I was delighted by how nicely the border played with the Floriate, which is so freakish that, true story, I once passed on a chance to acquire it from Stinehour Press during a type sale because it was too silly. I'm very glad the days of not-having-it are over. My eyesight is a little keener now.
And then we came to May. The End. Well, almost. The story is the same but the type is . . . very different. Remember when I raved about Greer Allen's taste in type? Back in the 1960s he acquired four sizes of Rudolf Koch's Jessenschrift from the son of Joe Graves (Gravesend Press), a protege of Victor Hammer, who was himself a friend and protege of, wait for it, Rudolf Koch. I had seen the type at John Barrett's during three consecutive visits, increasingly amazed that no one had scooped it up. Though I didn't have any immediate need for it, there was a very great want and just enough room in the budget to take home this historic type, incidentally the only face that literally has my name on it. As is my established practice, as soon as I bring type into the shop I have to use it, if only to have a specimen handy. Enter: May's menu.

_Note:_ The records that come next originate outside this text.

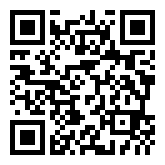 https://www.fou.net/post/270142.html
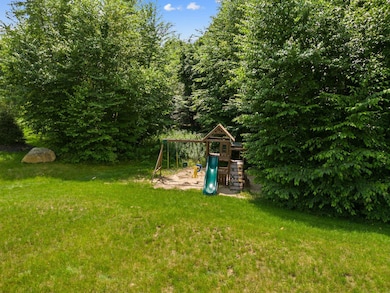 12 Walnut Hill Dr, Hooksett, NH 03106 - photo 6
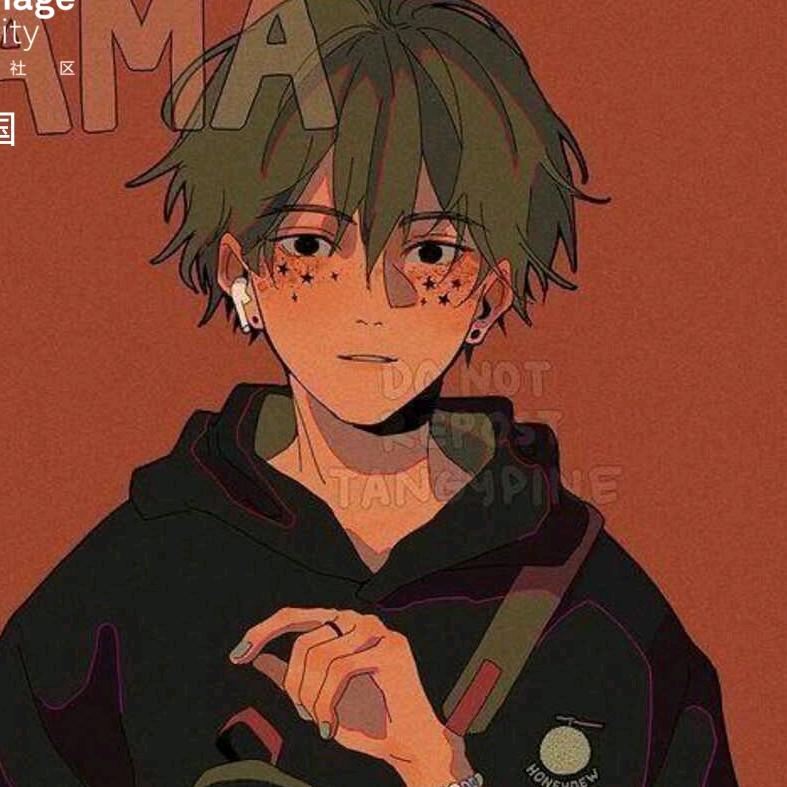 好事多磨(｡･ω･｡)ﾉ♡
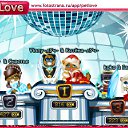 ���� �����, ����-����, 36 ��� - ��������� 27 ������� 2010 � ������ �PetLove�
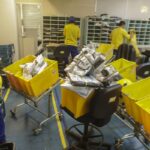 BRB diz que recuperou R$ 10 bilhões das carteiras com Master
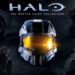 Halo: The Master Chief Collection datang kepada Steam!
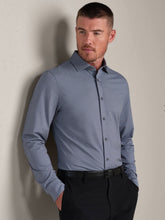 Load image into Gallery viewer, Rhone Commuter® Shirt Semi-Spread Collar - Slim
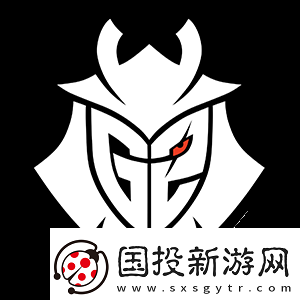 爆料称G2青训队将下放xezr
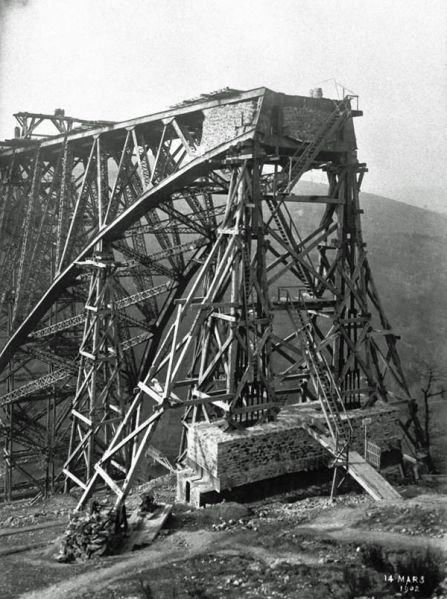 Fichier:Viaur Carmaux Rodez 1898-1902 N1200052 098a.jpg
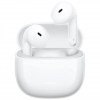 Xiaomi REDMI Buds 8 Active – Baltos belaidės Bluetooth ausinės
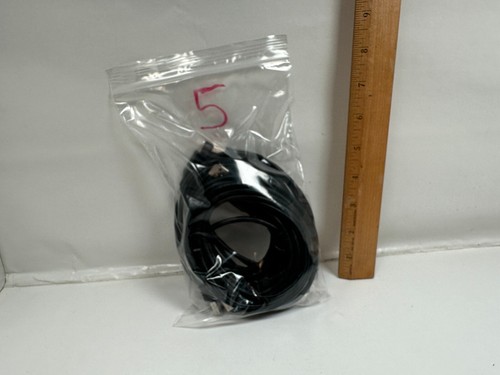 Lotto cavi usb lego - cavi,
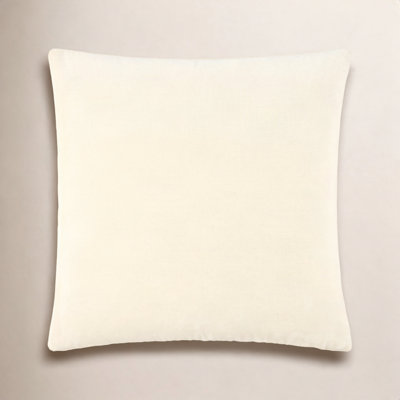 Elton Accent Pillow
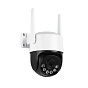 IP видеокамера Owler Robocam Lumi  88_88_60196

Embellished with an anonymous cut of rogues engaging in louche behavior, the last menu of the season also features, for the first time, something of a colophon, which was basically just an excuse to use the "Printed in USA" ornament. But it was also a personalized wink to the SP archives, which is now thickened somewhat by a year's worth of one printer's donated dinner ephemera. Now that the set is complete, I can officially definitely retire. Maybe.